Greenpeace launched the first “Your Guide to Greener Electronics,” a report card which ranks companies on their use of harmful chemicals and the recycling of harmful electronic waste in their products. The fourteen top cell phone and PC producers all fail to get a green rating in the report card, which is based on Greenpeace’s two main demands for the electronics industry: to eliminate hazardous substances from their products, and to take back and recycle their products responsibly once they have become unusable.
"The scorecard will help inform consumers and companies alike on
the growing problems of e-waste. Consumers need to know how these
companies are progressing, and companies need to acknowledge that
the elimination of harmful substances used in their products is the
only way they can ensure safe reuse and recycling of electronic
waste," said Rick Hind, Legislative Director for Greenpeace USA's
Nokia and Dell share the top spots in the ranking, thanks to
their belief that producers should bear individual responsibility
for taking back and reusing or recycling their own-brand discarded
products. Nokia leads the way in eliminating toxic chemicals from
its products. Since the end of 2005, all new Nokia cell phones have
been free of cancer-causing polyvinyl chloride (PVC) and the
company has promised all new components to be free of harmful
brominated flame retardants (BFRs) from the start of 2007. Dell has
also set ambitious targets for eliminating these same harmful
substances from their products.
Third place goes to Hewlett-Packard, followed by Samsung (4th),
Sony Ericsson (5th), Sony (6th), LG Electronics (7th), Panasonic
(8th), Toshiba (9th), Fujitsu-Siemens Computers (10th), Apple
(11th) and Acer (12th).
"It's especially disappointing to see Apple score so low in the
this guide. They act like they belong in the World Series of design
and innovation, but they play like a slumping farm team in the
environmental pennant race," continued Hind.
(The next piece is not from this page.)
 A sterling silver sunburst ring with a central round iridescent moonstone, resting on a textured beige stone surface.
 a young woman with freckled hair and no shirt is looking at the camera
Motorola shares bottom position with Lenovo. Motorola recently
backtracked on its commitment to eliminate PVC and BFRs and scores
poorly on product take back and recycling. Lenovo also fails to
score many points and needs to do better on all criteria. For now,
companies are scored solely on information publicly available on
their global websites. The report card will be updated every
quarter. However penalty points will be deducted from overall
scores if Greenpeace finds a company lying, practicing double
standards or other corporate misconduct.
The scoring is weighted more heavily on the use of toxic
substances in production rather than criteria on recycling, because
until the use of harmful substances is eliminated in products, it
is impossible to secure 'safe', toxic-free recycling.